_EXERCISE GOAL_
Restate every line below word for word, but drop each picture.

_EXERCISE DATA_
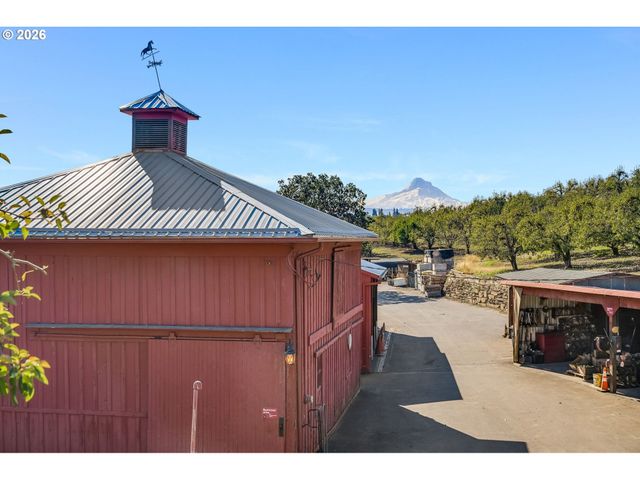 1760 COPPER DAM Rd, Hood River, OR 97031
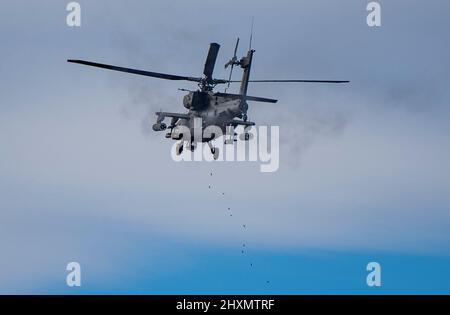 Die Nationalgarde der Idaho-Armee hat ihren Government Acceptance Test am 5. Und 11. März im Orchard Combat Training Center abgeschlossen. Für die Digital Air Ground Integration-Reihe musste der Flugzeugteil des GAT vollständig qualifiziert werden. Die vorherigen Testkomponenten wurden im vergangenen Frühjahr mit Abrams-Panzern, Bradley-Kampffahrzeugen und Strykers abgeschlossen. Die 1. der 229. Piloten des Angriffs-Aufklärungsbataillons der US-Armee und Besatzungsmitglieder der Joint Base Lewis-McChord, Washington, führten die Qualifikation der Besatzung mit ihren AH-64 Apache-Hubschraubern auf der DAGIR während der Woche durch. Stockfoto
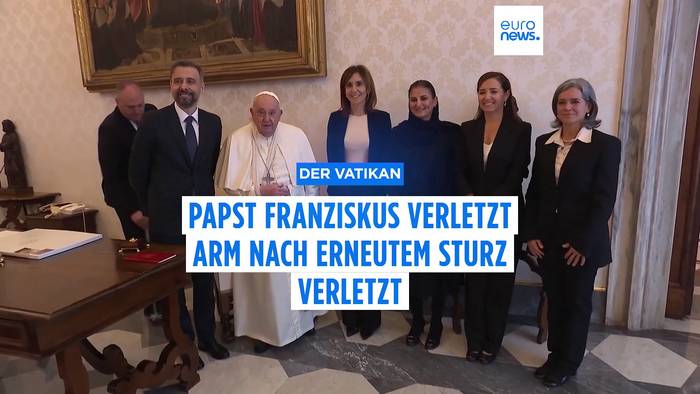 News video: Papst Franziskus verletzt sich nach erneutem Sturz am rechten Arm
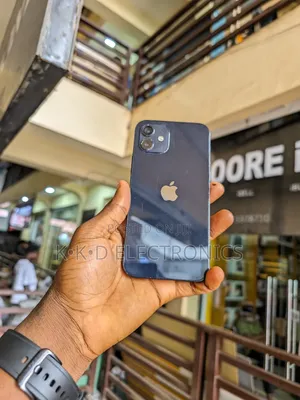 Apple iPhone 12 64 GB Black
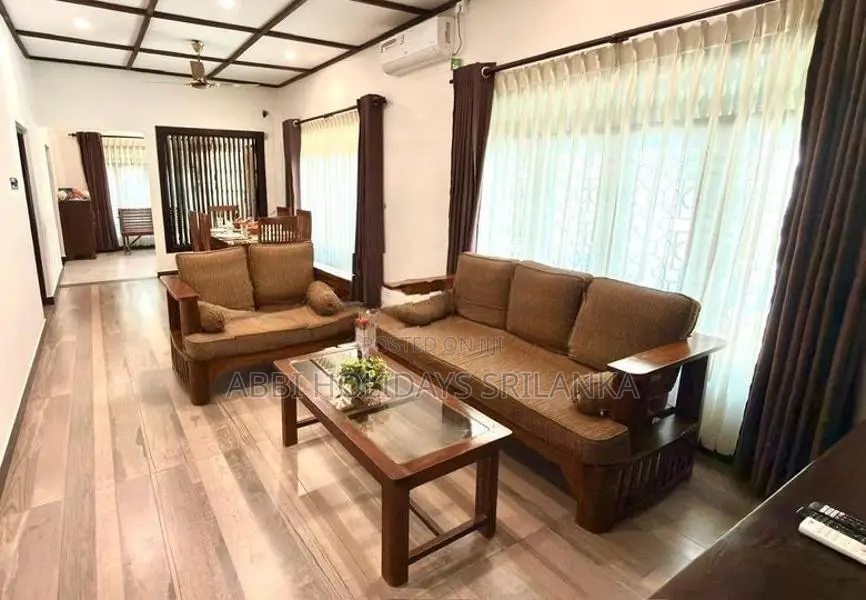 Jaffna Luxury Villa Short-Term Rental with Swimming Pool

_REPLY_
 1760 COPPER DAM Rd, Hood River, OR 97031
 Die Nationalgarde der Idaho-Armee hat ihren Government Acceptance Test am 5. Und 11. März im Orchard Combat Training Center abgeschlossen. Für die Digital Air Ground Integration-Reihe musste der Flugzeugteil des GAT vollständig qualifiziert werden. Die vorherigen Testkomponenten wurden im vergangenen Frühjahr mit Abrams-Panzern, Bradley-Kampffahrzeugen und Strykers abgeschlossen. Die 1. der 229. Piloten des Angriffs-Aufklärungsbataillons der US-Armee und Besatzungsmitglieder der Joint Base Lewis-McChord, Washington, führten die Qualifikation der Besatzung mit ihren AH-64 Apache-Hubschraubern auf der DAGIR während der Woche durch. Stockfoto
 News video: Papst Franziskus verletzt sich nach erneutem Sturz am rechten Arm
 Apple iPhone 12 64 GB Black
 Jaffna Luxury Villa Short-Term Rental with Swimming Pool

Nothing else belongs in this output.